Greenpeace won, and the platform was lifted and conveyed to a Norwegian fjord, an unsightly wreck that was eventually dismantled at a cost of £43 million (as opposed to the £3 million required to sink it). Because of the energy required to dismantle the rig, and the polluting side effects of doing so, this was the worst way, from the environmental point of view, of dealing with the problem. Having cost Shell millions of dollars and unjustly damaged its reputation, Greenpeace, on proof that the platform contained no oil, offered an airy apology and went on to its next campaign.
Fourth, mass panics. Global warming is the obvious example today; yet, as the author observes:
alarms of this kind are a recurring feature of human societies, and there is good reason for this. Alarms turn problems into emergencies, and so bring the ordinary politics of compromise to a sudden stop. Faced with an emergency, we prepare ourselves to obey orders, to follow leaders. People who pursue a politics of top-down control therefore find emergencies extremely useful.

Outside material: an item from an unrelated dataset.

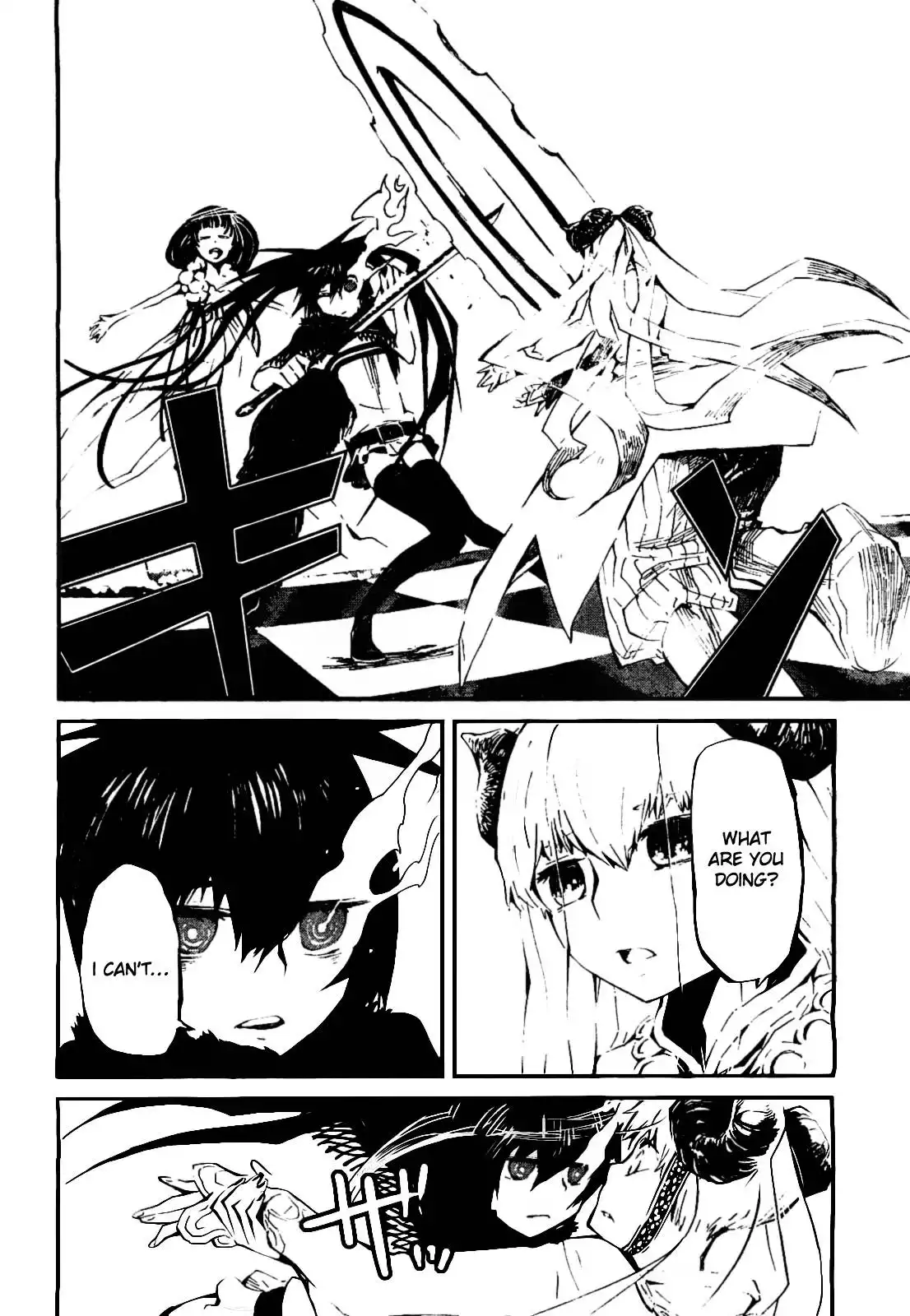 Black Rock Shooter - Innocent Soul Chapter 5 37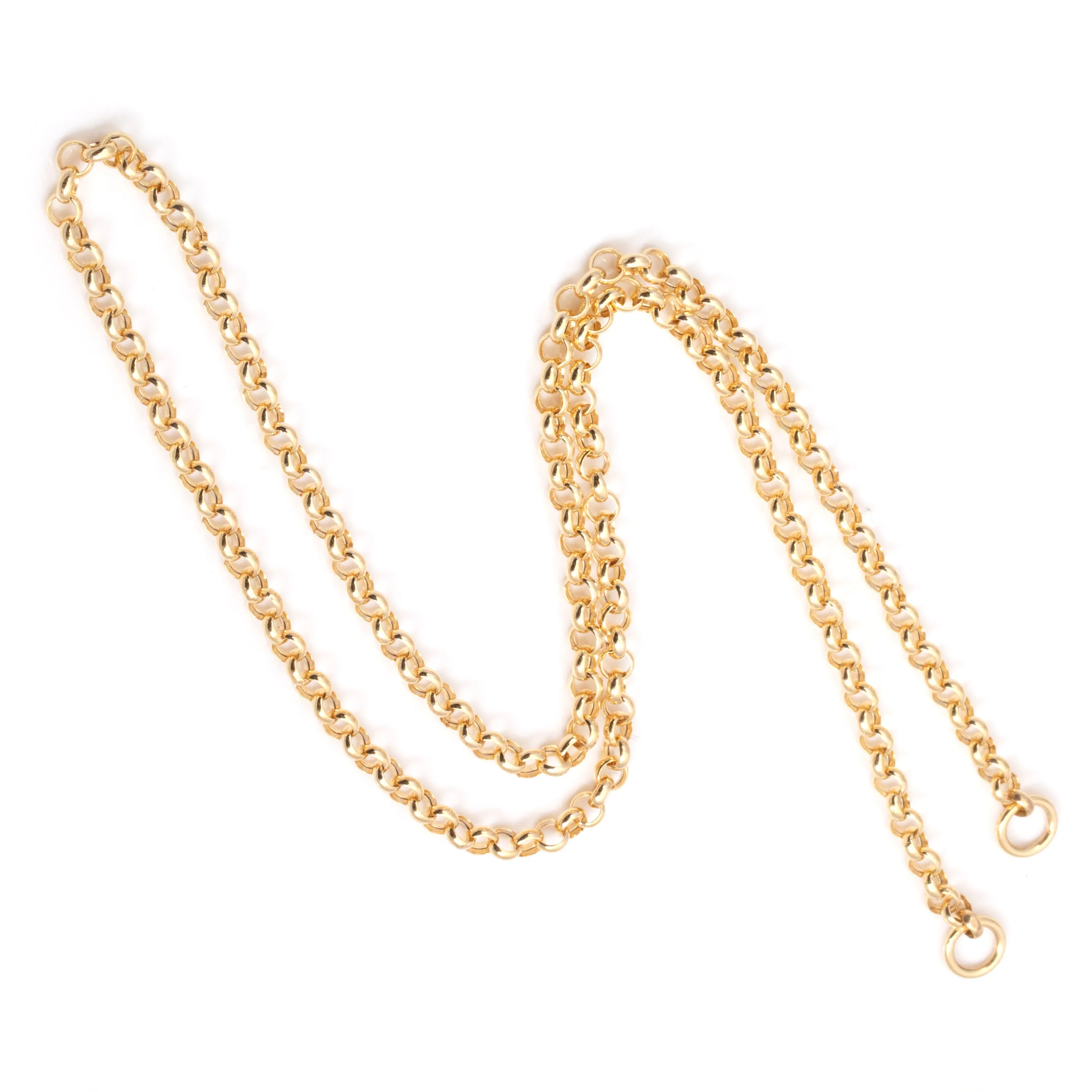 Open Rolo Chain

In this connection, Scruton discusses Paul Ehr-lich’s The Population Bomb (1968), which predicted that global overpopulation would lead to massive famines by the 1970s. Another pertinent example is the “global cooling” or “new ice age” scare of the ’70s. One proponent wrote in 1976 that “the cooling has already killed hundreds of thousands of people in poor countries.”
Christopher Booker and Richard North have written a book on mass panics, Scared to Death; they note that “many of those who had devoted their energies to warning the world against global cooling were, within a year or two, spreading alarms about global warming instead.”
The aim of mass panics is identical to that of the left in general — thoroughgoing social change under the tutelage of a revolutionary “vanguard”:
[The panic mongers’] intransigent doomsday posture involves a full-scale repudiation of life as it is. Radical eco-warriors have demanded total life-changing commitment from their followers. Climate change has been not merely believed in but seized upon, as a convenient way of turning a political problem into a moral and spiritual challenge, a wake-up call to mankind as a whole, which can be addressed only by change so radical as to amount to a change of life. When people propose some less demanding response to the problem, they may be greeted with surprise and indignation, since they are undermining the faith.
Many criticisms have been made already of these types of environmental action, and Scruton repeats some of them: regulation disaggregates problems in an attempt to solve them one by one, which inevitably leads to unintended consequences; government control infantilizes people by taking away their responsibilities; neither governments nor crusading NGOs are responsible to anyone; and so forth. But it is less the author’s concern to assess particular policies than to show us, as his title suggests, “how to think about” environmental issues in general.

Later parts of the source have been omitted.